At the end of 2018, the European Union announced its plan to become fully carbon-neutral by the year 2050. The efforts of the EIB were also urged by European citizens, who have been pushing toward climate change for years. 

While the presentation of the bank’s plan to divest in non-renewable energy was somewhat delayed, they have taken one big step toward the Union’s goal to get rid of carbon emissions for good. 

The Future Of The European Investment Bank 

The EIB was previously responsible for pumping billions of European dollars through the fossil fuel industry each year. The significant space these projects have taken up in the bank’s investment to this point has invited questions about what their next move will be. 

The bank clarified that funds will continue to be invested in energy projects that fall under a certain set of criteria. These limitations are defined by the Energy Lending Policy that was signed before this announcement. 

To qualify for investment from the EIB, all energy projects must prove to be as non-damaging to the environment as possible. More specifically, these projects are not allowed to let out CO2 emissions that exceed 250 grams during the production of each kilowatt-hour of energy. 

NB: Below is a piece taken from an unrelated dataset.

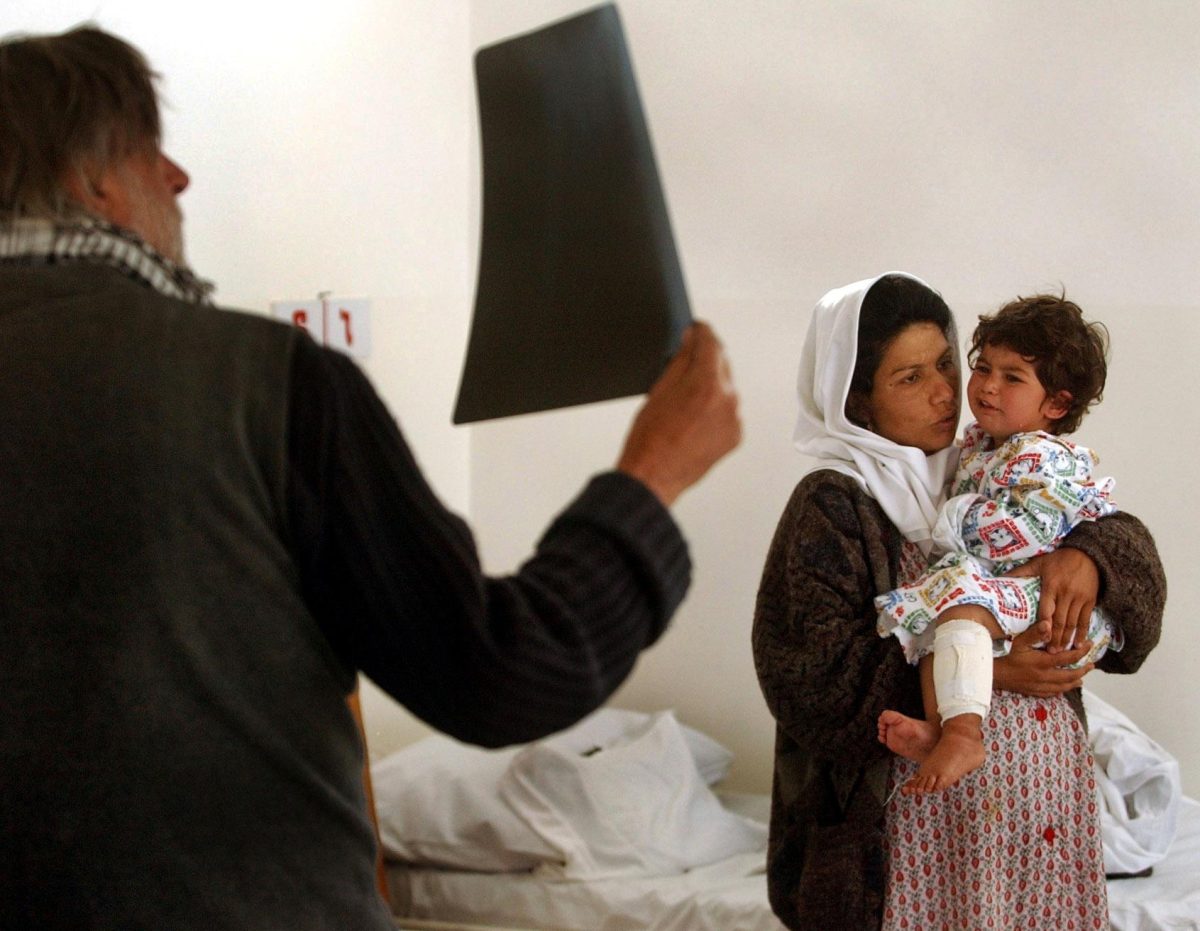 Galleria foto 'È morto Gino Strada' - foto 4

The Start Of a Change In The Industry 

Along with many other large organizations, the EIB is becoming more conscious of the environment, and cannot justify putting more of its money through fossil fuel companies any longer. The primary goal of this action is to limit the harmful emissions that come with non-renewable energy. Calling themselves the first “climate bank”, they are making waves that could potentially change the face of the fossil fuel industry. 

The damage that comes with carbon emissions has long been recognized by environmental agencies. However, they have faced challenges passing many new regulations as a result of lobbying. The approval of the Energy Lending Policy and divestment from one of the largest financial institutions in the world has been a major milestone achievement for policymakers and citizens. 

With billions of dollars ripped out from underneath oil, gas, and coal companies worldwide and plenty more organizations planning to follow suit, there is no telling what is in store for the fossil fuel industry in the coming years.